The sample size should be sufficient. One simple approach is to assume that the covariate is constant over the entire day and so you can use the same value of the covariate for the five observations of the dependent variable. I don't see the need for the TINTERVAL command if the observations are approximately evenly spaced (all you would need to do is make sure the observations are sequentially ordered in the data set. You can also insert missing values for those covariates but I would recommend modeling the covariate as a lag variable as well in that case and using X on X&1 in the model for the covariate. Also, you might consider using RDSEM instead of DSEM (^ instead of &) in your situation as RDSEM is somewhat less dependent on the time stamp, see section 6 http://www.statmodel.com/download/RDSEM.pdf although I am not quite sure if this point of view applies to your situation.
Thanks, Tihomir - This is very helpful! Based on your feedback, I think I'll go with the RDSEM. And apologies ahead of time for this lengthy follow up. Below is an excerpt of my syntax, which I'm fairly sure is misspecified because I get a non-convergence warning.
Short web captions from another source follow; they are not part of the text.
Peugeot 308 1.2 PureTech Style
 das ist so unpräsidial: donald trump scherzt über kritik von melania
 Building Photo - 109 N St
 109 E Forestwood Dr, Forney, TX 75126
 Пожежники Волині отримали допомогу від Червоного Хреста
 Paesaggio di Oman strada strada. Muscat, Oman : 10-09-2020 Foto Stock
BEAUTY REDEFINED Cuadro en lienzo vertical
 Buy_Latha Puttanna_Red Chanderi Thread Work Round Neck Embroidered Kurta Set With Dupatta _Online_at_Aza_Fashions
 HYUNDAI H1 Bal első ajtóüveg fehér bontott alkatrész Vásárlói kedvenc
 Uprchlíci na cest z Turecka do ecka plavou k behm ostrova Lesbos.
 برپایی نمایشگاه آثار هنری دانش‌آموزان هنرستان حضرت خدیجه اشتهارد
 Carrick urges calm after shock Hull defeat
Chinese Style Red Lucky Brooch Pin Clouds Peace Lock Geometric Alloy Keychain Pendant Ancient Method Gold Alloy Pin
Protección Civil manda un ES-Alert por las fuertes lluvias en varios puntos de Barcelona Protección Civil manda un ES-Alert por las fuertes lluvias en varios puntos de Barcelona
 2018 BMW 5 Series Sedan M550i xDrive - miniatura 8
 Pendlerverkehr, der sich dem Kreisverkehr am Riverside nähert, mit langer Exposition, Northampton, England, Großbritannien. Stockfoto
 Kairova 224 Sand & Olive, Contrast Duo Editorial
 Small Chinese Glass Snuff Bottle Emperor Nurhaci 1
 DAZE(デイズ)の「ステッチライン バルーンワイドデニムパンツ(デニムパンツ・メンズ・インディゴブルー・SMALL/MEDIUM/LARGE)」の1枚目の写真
DB0 is the categorical dependent variable, and SM is the continuous predictor.
VARIABLE: NAMES = ID_num DB0 DB1 DB2r DBscale DR0 SM DA; USEVARIABLES = DB0 SM; CATEGORICAL = DB0; MISSING=.; CLUSTER = ID_num; LAGGED = DB0(1); ANALYSIS: TYPE = TWOLEVEL RANDOM; ESTIMATOR = BAYES; PROCESSORS = 2; BITERATIONS = (2000); MODEL: %WITHIN% sDB0 | DB0^ ON DB0^1; sSM | DB0 ON SM; %BETWEEN% DB0 ON SM; sDB0 ON SM; sSM ON SM; DB0 sDB0 sSM WITH DB0 sDB0 sSM;
In the output, I also get the warnings: *** WARNING in MODEL command In the MODEL command, the x variable on the WITHIN level has been turned into a y variable to enable latent variable decomposition. This variable will be treated as a y-variable on both levels: SM *** WARNING Data set contains cases with missing on x-variables converted to dependent variables. The autocorrelation of these variables should be included in the model and the variables added to the LAGGED option.
I was attempting to do latent centering, because I have missingness on the predictor, but I'm unsure: 1) Where the model is misspecified leading to the non convergence; 2) Whether I'm specifying the latent centering correctly, given the warnings (I thought it would be something like SM^ ON SM^1 based on the example in the Version 8.1 Language Addendum (p. 3), but I might have misunderstood); 3) How to substantively interpret the output given the flipping of x and y variables (in particular the DB0 on SM output and the thresholds) noted in the first warning. Relatedly, I'm assuming the output is based on a probit function given the categorical dependent variable - is that correct?
Finally, once I get this up and running, what is the thinking on assessing comparative model fit? Do you have suggestions for (perhaps simpler) models to compare this one too, using the DIC?